Hasard du calendrier, ce roman sort au moment ou deux des figures les plus emblématiques des yéyés viennent de nous quitter. Une page se tourne dans notre vie et 430 dans ce livre écrit par Gérard de Cortanze.

TALKIN’ ‘BOUT MY GENERATION !

Ah quel délice de revivre d’aussi près les pérégrinations de la première génération de Teens français, celle des années 60, les fameuses sixties qui font écho à notre propre jeunesse même si on n’y était pas. Car on se surprendra à découvrir que leurs aspirations étaient les mêmes que celles des ados des années 80 et celles des ados de maintenant : du fun, de la liberté et des copains. Et les parents ? Pfffff…

Gérard de Cortanze retranscrit avec talent et profondeur l’ambiance innocente, frétillante, primesautière qui régnait alors. Sans oublier le parfum de contestation, de conscience politique et de libération sexuelle qui grandissait sourdement. Une immersion réussie tant on peut toucher du doigt cette époque fantasmée des douces sixties. Oui, celle de nos parents ou de nos grands-parents selon notre âge.

Les chansons résonnent, les musiques rayonnent et les mots bouillonnent. Ce livre te délivre des sons entêtants. Rien que son titre est une invitation au voyage dans le temps. A chaque fois que mon œil se posait sur la couverture du bouquin, la mélodie du tube de France Gall démarrait ses notes dans ma tête.

De Cortanze décrit si bien leurs codes, leurs musiques, leurs magazines, leurs idoles, leurs 45 tours, leurs radios, leurs émissions de TV, leur mode… jamais avant eux une génération n’avait été autant choyée par la société de consommation.

PAPA PAPA PAPA, T’ES PLUS DANS LE COUP PAPA !

Il est vrai que cette génération là avait l’insouciance en plus et une foi inébranlable dans le futur – Aucune autre ne la retrouvera – malgré un poids parental et sociétal pesant. Deux générations qui ne se comprennent pas, ça vous parle ?

D’ailleurs, intéressant ce parallèle que l’on pourrait faire en comparant les chanteurs-Yéyés avec les YouTubeurs. Ces derniers jugés souvent un peu débiles par les parents, font resurgir cette effervescence auprès de la cible ado qui les adore. Même si chaque génération a le sentiment d’être unique et incomprise par la précédente, une fois de plus, on constatera que l’histoire bégaie, les hommes et les femmes resteront toujours les mêmes finalement et répéteront leurs émois et leurs erreurs..

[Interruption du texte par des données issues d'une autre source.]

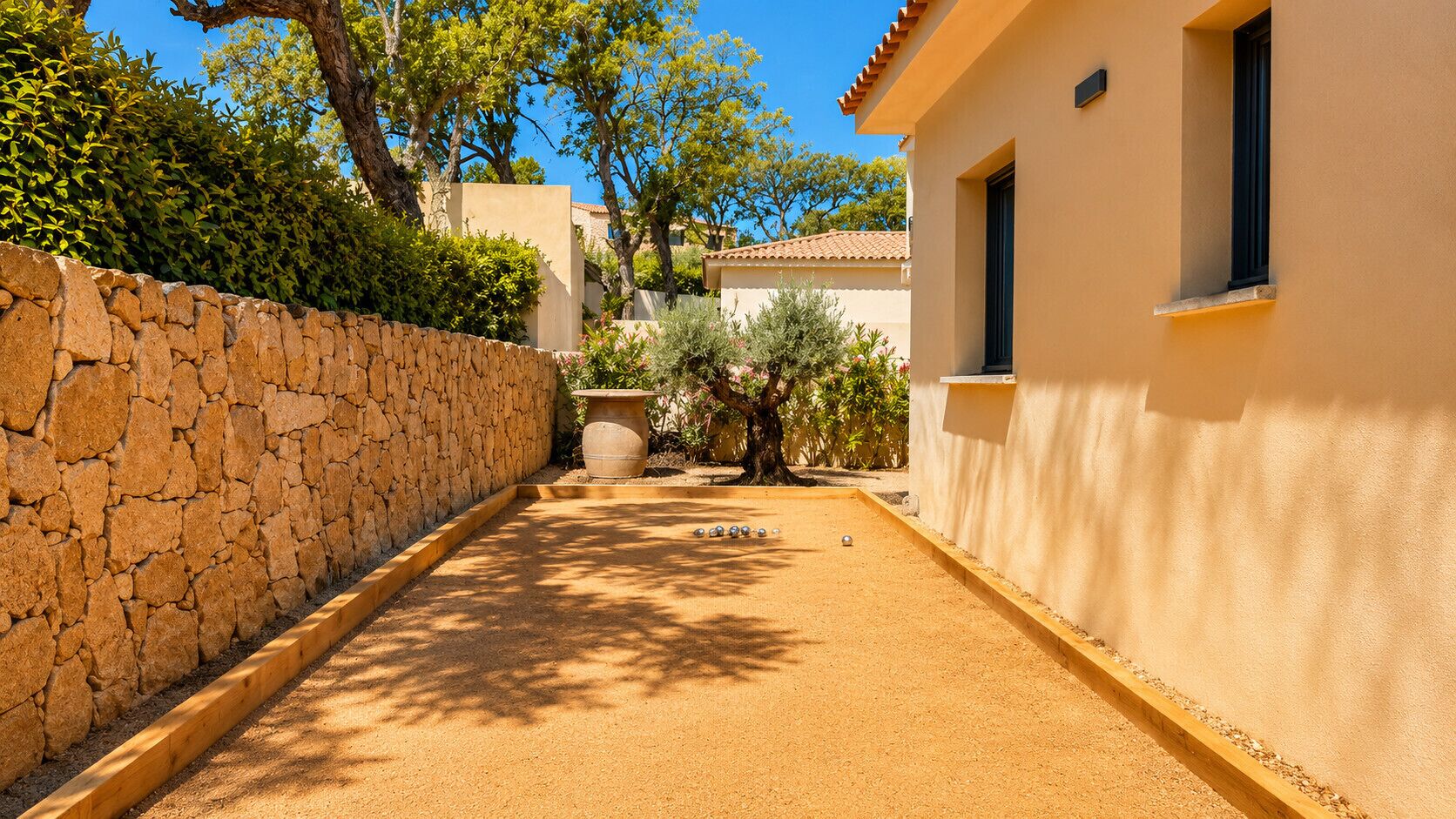 A courtyard with a stone wall, a building with a window, and a garden area.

Heureusement ce livre évite les poncifs entre les générations et ne juge pas les suivantes à l’aune de la sienne. C’est tout à l’honneur de l’écrivain.

Le livre est en fait scindé en deux grosses parties : le parcours de 4 personnages (3 garçons, 1 fille) raconté année après année de juin 1963 à l’explosion voire l’éclatement sociétal que fut mai 68 ; le roman fait ensuite des sauts dans le temps, décennie après décennie, pour nous faire vivre l’évolution de ces personnages sous le prisme des moments historiques (l’élection de François Mitterand ou la chute du mur de Berlin par exemple) pour se clore en 2015 avec les attentats de Charlie Hebdo.

Alors, « Laisse tomber les filles » est-il une petite pépite ? Autant se le dire tout de go, non !

Autant l’immersion en terres sixties est réussie, autant l’intrigue et le destin des personnages laisse un peu perplexe. Pour dérouler son histoire, l’auteur la truffe de hasards improbables entre les 4 protagonistes qui se croisent et se retrouvent un peu trop facilement à chaque fois.

Après, d’un point de vue intrinsèque, le défaut du livre est finalement la faiblesse des personnages masculins qui manquent singulièrement de puissance (le personnage féminin n’est heureusement pas dans ce cas de figure) voire de charisme et sont trop redondants pour se démarquer les uns des autres. A part leur condition sociale, peut-être trop posée en alibi, ils ont tout de même des personnalités assez identiques si bien que parfois on les confond. C’est un peu gênant.

Tout dépend de ce que l’on recherche en ouvrant ce livre. Si c’est une histoire solide, on sera déçu, si c’est retrouver l’ambiance et humer l’air du temps d’une époque, le job est fait et bien fait. Rien que pour cela, ce bouquin mérite d’être lu.

La véritable force de ce bouquin est de te faire réfléchir sur l’époque, celles des sixties et l’actuelle.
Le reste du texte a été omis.